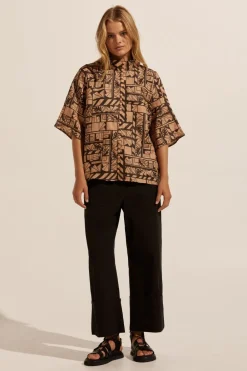 zoe kratzmann Note Top-Matisse Choc|Women Tops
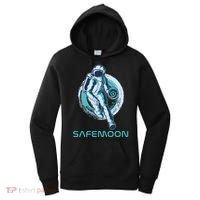 Safemoon Blockchain Cryptocurrency Astronaut Basketball Women's Hoodie thumb 0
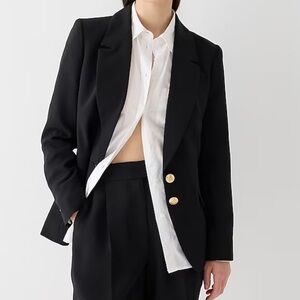 J Crew NWT Willa Suit blazer black Size 10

§ The task: Return the listing above word for word, with the pictures removed.

§ Solution:
 zoe kratzmann Note Top-Matisse Choc|Women Tops
 Safemoon Blockchain Cryptocurrency Astronaut Basketball Women's Hoodie thumb 0
 J Crew NWT Willa Suit blazer black Size 10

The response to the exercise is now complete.